Items listed in a dataset:
══════════════════════════════
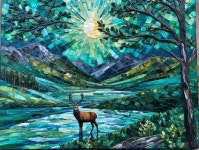 Vibrant Mosaic of Stag by a Shimmering River | Deep Dream Generator Majestic Stag by the Tranquil River | Deep Dream Generator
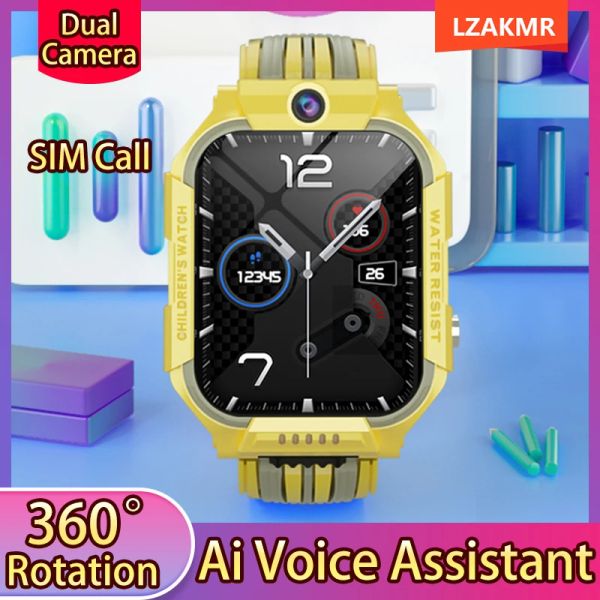 Control GS35 360 ° Rotación Smart Watch Dual Camera Sim Llamada 4G Net ID de cara Android Monitoreo de voz remota Reloj Smart Watch Children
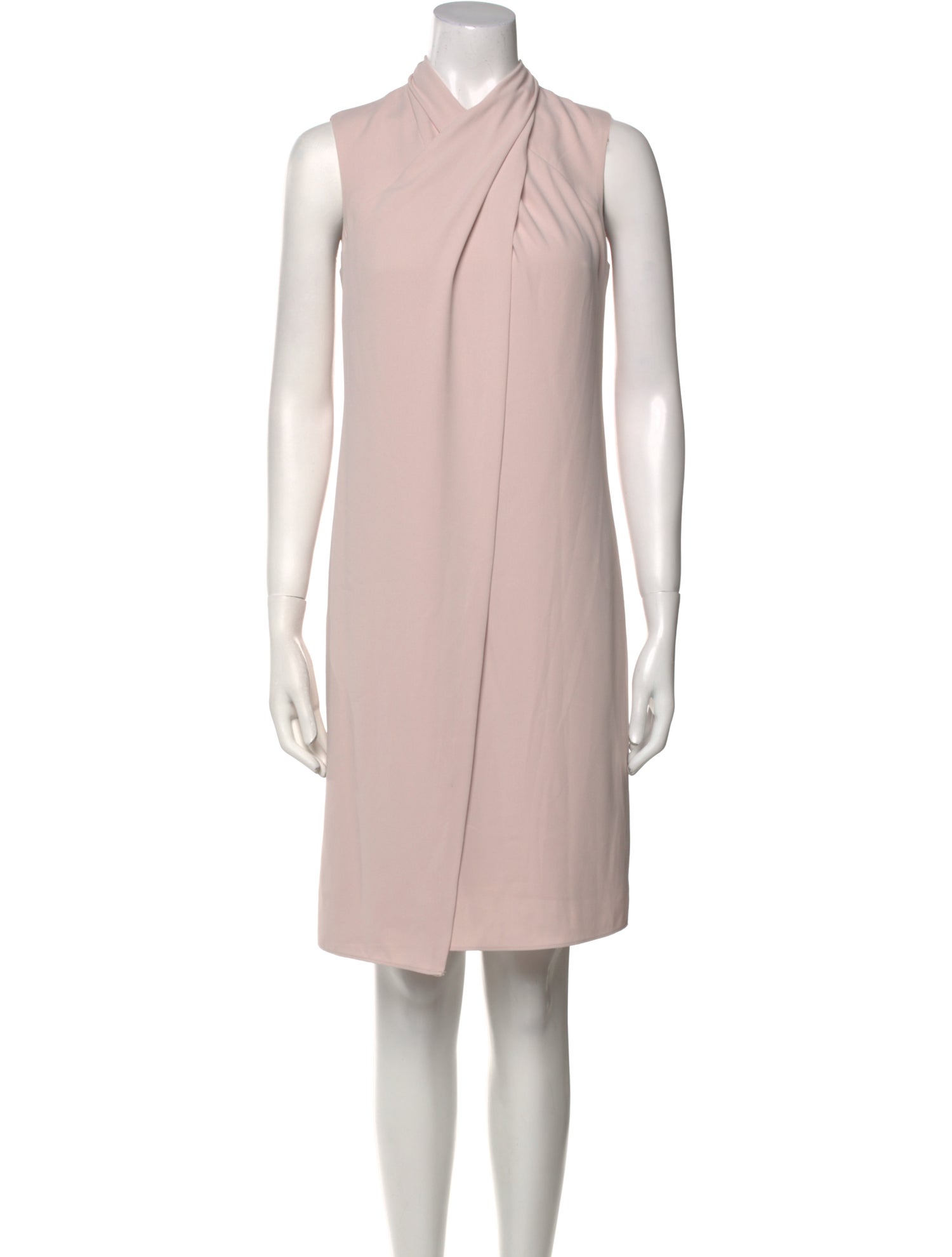 Halston Mock Neck Knee-Length Dress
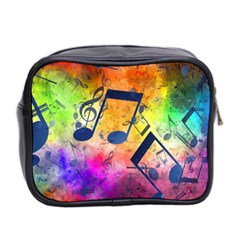 Music Texture, Grunge Music Background Mini Toiletries Bag (Two Sides) from ArtsNow.com Back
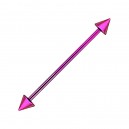 Industrial-Piercing Barbell 14G Stahl 316L Eloxiert Rosa Spitzen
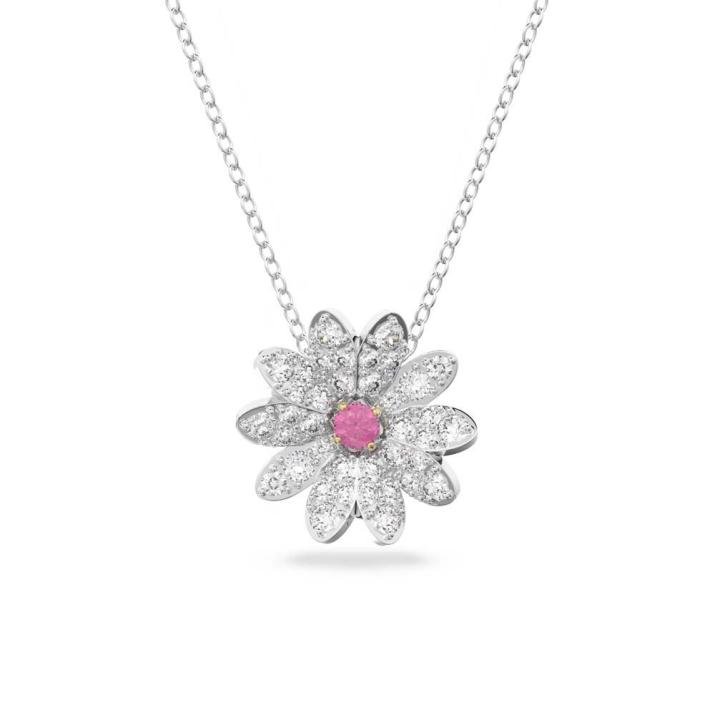 Eternal Flower pendant, Flower, Pink, Mixed metal finish - One Size, Mixed Plating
══════════════════════════════
Leave every picture out and return exactly the lines from the one holding "Control GS35 360" through the end of the records above, both ends included, and nothing more.

▶ _EXERCISE RESULT_:
 Control GS35 360 ° Rotación Smart Watch Dual Camera Sim Llamada 4G Net ID de cara Android Monitoreo de voz remota Reloj Smart Watch Children
 Halston Mock Neck Knee-Length Dress
 Music Texture, Grunge Music Background Mini Toiletries Bag (Two Sides) from ArtsNow.com Back
 Industrial-Piercing Barbell 14G Stahl 316L Eloxiert Rosa Spitzen
 Eternal Flower pendant, Flower, Pink, Mixed metal finish - One Size, Mixed Plating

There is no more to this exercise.